───── DATA PROVIDED ─────

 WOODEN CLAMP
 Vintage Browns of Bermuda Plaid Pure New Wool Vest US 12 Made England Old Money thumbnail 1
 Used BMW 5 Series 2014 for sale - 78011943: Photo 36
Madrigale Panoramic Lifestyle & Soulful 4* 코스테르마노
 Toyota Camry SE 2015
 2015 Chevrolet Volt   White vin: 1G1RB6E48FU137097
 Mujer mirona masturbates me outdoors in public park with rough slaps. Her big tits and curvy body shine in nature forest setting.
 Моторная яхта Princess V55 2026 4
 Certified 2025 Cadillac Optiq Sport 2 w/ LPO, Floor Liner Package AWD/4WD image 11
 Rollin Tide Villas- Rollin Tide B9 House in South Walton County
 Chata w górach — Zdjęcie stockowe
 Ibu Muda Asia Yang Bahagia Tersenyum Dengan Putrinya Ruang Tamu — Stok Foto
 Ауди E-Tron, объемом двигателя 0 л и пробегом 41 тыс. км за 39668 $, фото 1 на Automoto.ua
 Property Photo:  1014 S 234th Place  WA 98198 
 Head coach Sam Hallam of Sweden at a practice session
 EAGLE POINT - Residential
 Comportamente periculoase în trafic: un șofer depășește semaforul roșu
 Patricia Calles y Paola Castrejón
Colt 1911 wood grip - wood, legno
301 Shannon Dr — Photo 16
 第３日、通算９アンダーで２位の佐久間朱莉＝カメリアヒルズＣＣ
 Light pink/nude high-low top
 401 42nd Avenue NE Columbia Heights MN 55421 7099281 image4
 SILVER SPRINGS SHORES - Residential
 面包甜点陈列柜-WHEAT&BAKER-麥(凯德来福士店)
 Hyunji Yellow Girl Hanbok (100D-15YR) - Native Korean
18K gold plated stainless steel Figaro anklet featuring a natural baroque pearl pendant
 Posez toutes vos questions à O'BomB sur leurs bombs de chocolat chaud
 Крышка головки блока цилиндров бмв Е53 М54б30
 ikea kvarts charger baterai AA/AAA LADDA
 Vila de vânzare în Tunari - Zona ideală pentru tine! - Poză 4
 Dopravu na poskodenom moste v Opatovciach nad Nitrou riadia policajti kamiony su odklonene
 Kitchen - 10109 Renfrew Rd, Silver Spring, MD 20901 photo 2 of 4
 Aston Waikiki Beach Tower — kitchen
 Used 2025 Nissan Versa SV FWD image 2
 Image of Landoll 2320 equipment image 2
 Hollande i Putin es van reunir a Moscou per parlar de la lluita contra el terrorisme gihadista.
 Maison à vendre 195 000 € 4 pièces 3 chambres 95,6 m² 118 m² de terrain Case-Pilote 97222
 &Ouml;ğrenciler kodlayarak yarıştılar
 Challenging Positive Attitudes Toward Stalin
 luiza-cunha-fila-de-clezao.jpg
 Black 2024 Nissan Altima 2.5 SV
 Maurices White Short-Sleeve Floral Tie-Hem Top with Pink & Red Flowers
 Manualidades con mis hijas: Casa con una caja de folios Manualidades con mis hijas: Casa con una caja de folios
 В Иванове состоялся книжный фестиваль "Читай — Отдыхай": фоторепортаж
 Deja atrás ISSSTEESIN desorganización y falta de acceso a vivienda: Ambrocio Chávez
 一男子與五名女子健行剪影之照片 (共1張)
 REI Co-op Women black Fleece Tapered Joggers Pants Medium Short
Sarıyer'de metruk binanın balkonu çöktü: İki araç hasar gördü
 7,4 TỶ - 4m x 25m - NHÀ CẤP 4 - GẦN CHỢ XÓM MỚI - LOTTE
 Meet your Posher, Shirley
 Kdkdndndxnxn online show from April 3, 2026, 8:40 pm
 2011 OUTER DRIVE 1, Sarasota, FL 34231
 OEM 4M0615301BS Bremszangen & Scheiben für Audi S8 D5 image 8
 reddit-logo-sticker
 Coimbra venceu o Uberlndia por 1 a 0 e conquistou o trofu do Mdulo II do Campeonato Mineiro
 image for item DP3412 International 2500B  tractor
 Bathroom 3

─────

» **WORK REQUIRED**:
Each line of the material above that contains the word "Short" counts once; report the total and nothing else.

» **TASK SOLUTION**:
2